Thoughts from us

Social proof of which pint is best – Behavioural Economics in Finland

By October 1, 2014 November 5th, 2014 No Comments

Having listened intently to fellow marketing speaker, Chris Wilson from Earnest, talk so eloquently about Behavioural Economics (BE) and its part to play in modern marketing,  I’ve since been preoccupied with what that means when it comes to everyday life and how better understanding how humans think and make decisions can have a huge impact on our marketing.

The collective view here is that really well-written content is at the heart of this – making sure that your messaging is playing to the right parts of the human brain – and not only builds confidence and resonates with your audience, but is easy for them to understand and to respond to.

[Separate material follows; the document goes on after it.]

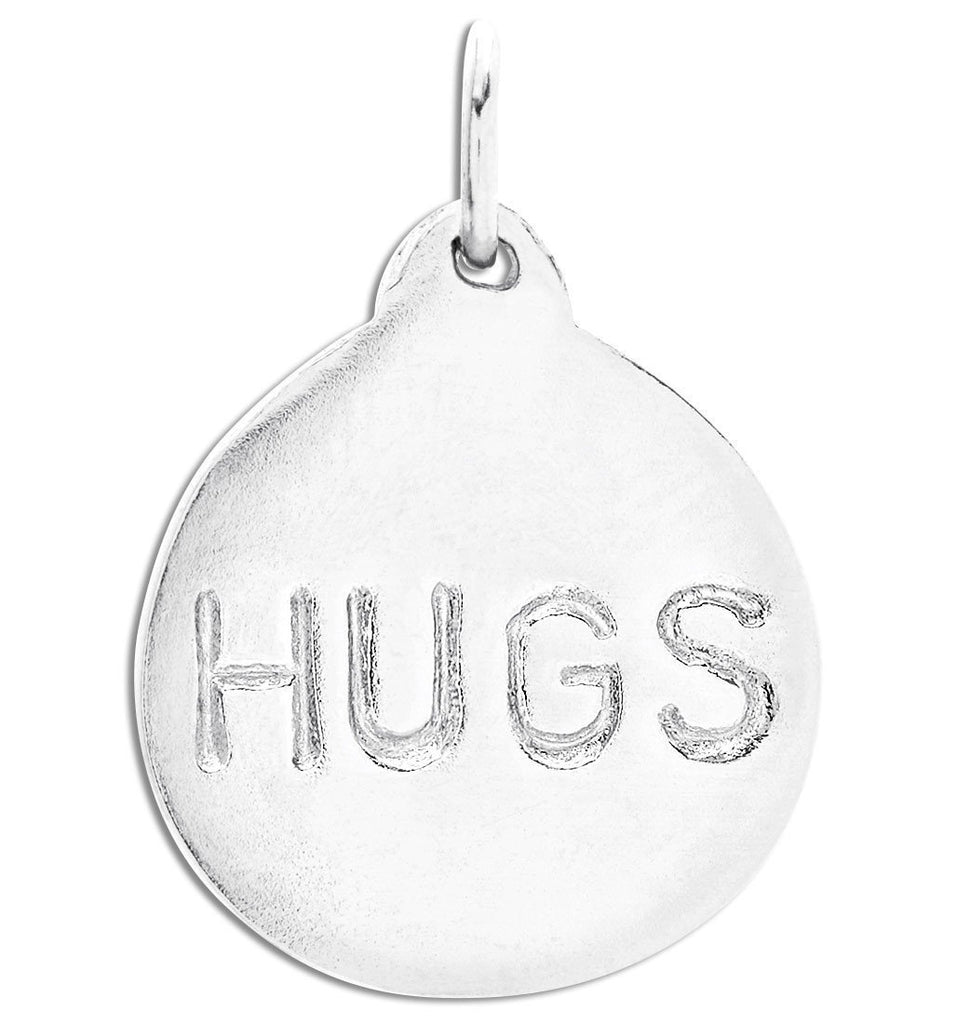 "Hugs" Disk Charm Jewelry Helen Ficalora Sterling Silver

But just yesterday I found an example of how an element of BE, ‘social proof’, could be used by me in a very relevant and timely way; in helping me order a beer!

I’m currently in Helsinki with work for a few days, and last night I visited Stones, a burger and steak joint in central Helsinki. On arrival I was greeted by an array of draught beers and lagers. Having never heard of the vast majority, I was plundered into panic mode: which beer to choose. An important decision that we fear getting wrong – what if I order the wrong beer? What will it say about me to others? To the barman?!

But on glancing to the end of the bar I spotted the below – a real-time data feed showing which beers are being bought by other customers right now.

Beerhavioural Economics

Not only did this help inform my decision, it played to that social proof principle – that we feel reassured and safer making a decision if we know what others have chosen. Such a simple yet effective way of helping patrons choose well, or at least feel like they are choosing well, by allowing the wisdom of the crowd to prevail.

Now if only they would add a second axis that suggested when to stop, my slightly fuzzy head and severely dented wallet would be all the better for it.